Judge rules Gorillas dark store is not a ‘retail outlet’ and must close
A ‘dark store’ from the fast delivery company Gorillas in Amsterdam’s De Pijp district has been ordered to close or face a €20,000 fine.
It is the second warehouse for speedy delivery to fail to overturn a city order in court in recent months, as local councils freeze new store openings and reconsider future planning rules.
In the last two years, a stream of companies have opened offering deliveries of everything from alcohol to biscuits ‘at your door in minutes’. Customers order through an app on their mobile and (electric) cyclists speed through the city to take the goods from storeroom to sofa as quickly as possible.
But cities like Amsterdam – where competing start-ups Getir, Zapp, Flink and Gorillas vie for market share – have also seen a tidal wave of complaints from residents living near the warehouses. They have been dubbed ‘dark stores’ since the windows are typically blacked out and they are not open to customers to walk in and pick something off the shelves.
Complaints
Amsterdam has received 906 complaints since January 2021, according to an answer to written questions, and this January ordered a freeze on any new dark store openings. Last month, the city proposed legislation to ban dark stores from residential and mixed-use areas, limiting them to business parks and industrial terrain.
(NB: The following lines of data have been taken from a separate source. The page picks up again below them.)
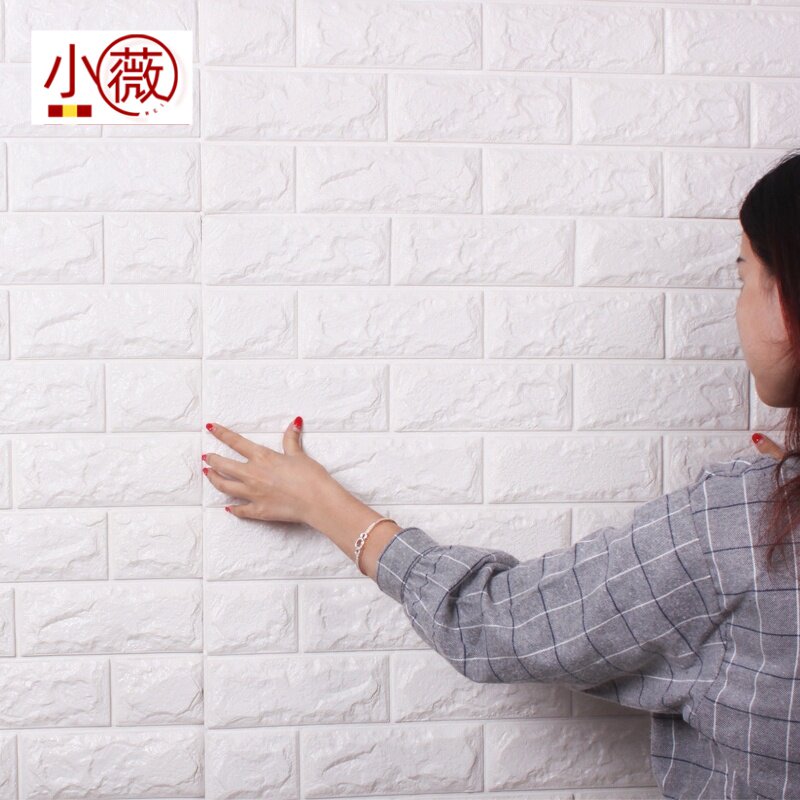 Self-adhesive brick head wallpaper Bedroom TV Background wall sticker painting 3d Solid wall sticker Living room Brick Wall paper Decorative Sticker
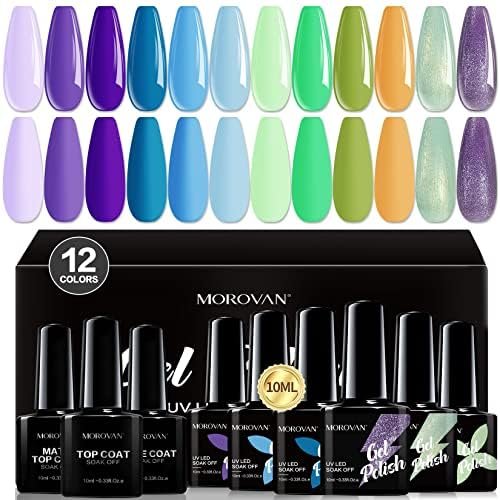 Morovan Purple Blue Gel Nail Polish Kit 12 Colors Green Gel Nail Polish Set Base Coat Matte Glossy Top Coat Summer Fall Gel Nail Polish Rainbow Glitter Gel Polish Nail Art Manicure DIY Salon Home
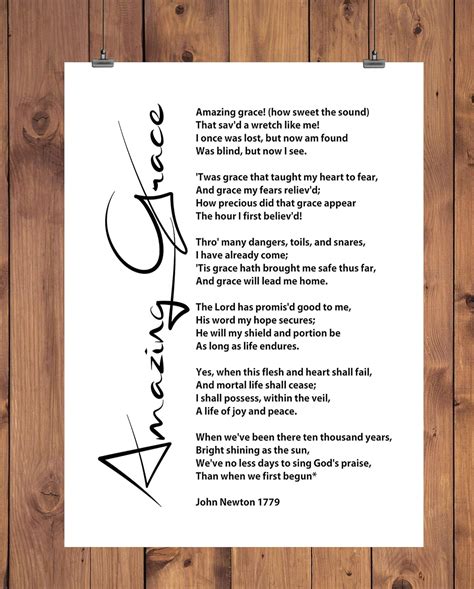 Buy Amazing Grace Wall Art Print Ready To Frame 11x14 Inch Modern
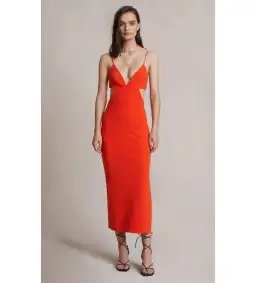 Bec & Bridge Ella Midi Dress Flame Size 8 for rent on The Volte - image 1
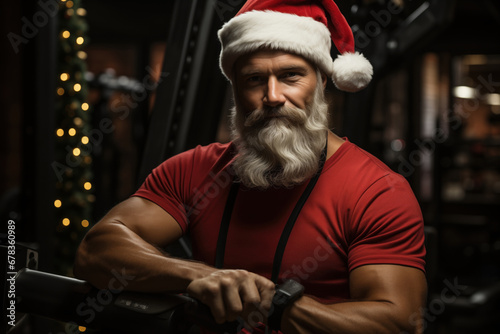 Muscular man in Santa hat in gym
Head of planning Marieke van Doorninck said: ‘The complaints and nuisance there is already shows that these branches cannot – or can scarcely – be combined with a liveable neighbourhood.’
In May the municipality ordered three stores of Getir, Zapp and Gorillas based in De Pijp to close, saying they did not comply with the zoning plan. The Zapp branch has gone, with news leaking that the firm is exiting the Dutch market. A court hearing for a Getir branch – which now allows customer pick-ups and claims it is a normal shop – is scheduled for July.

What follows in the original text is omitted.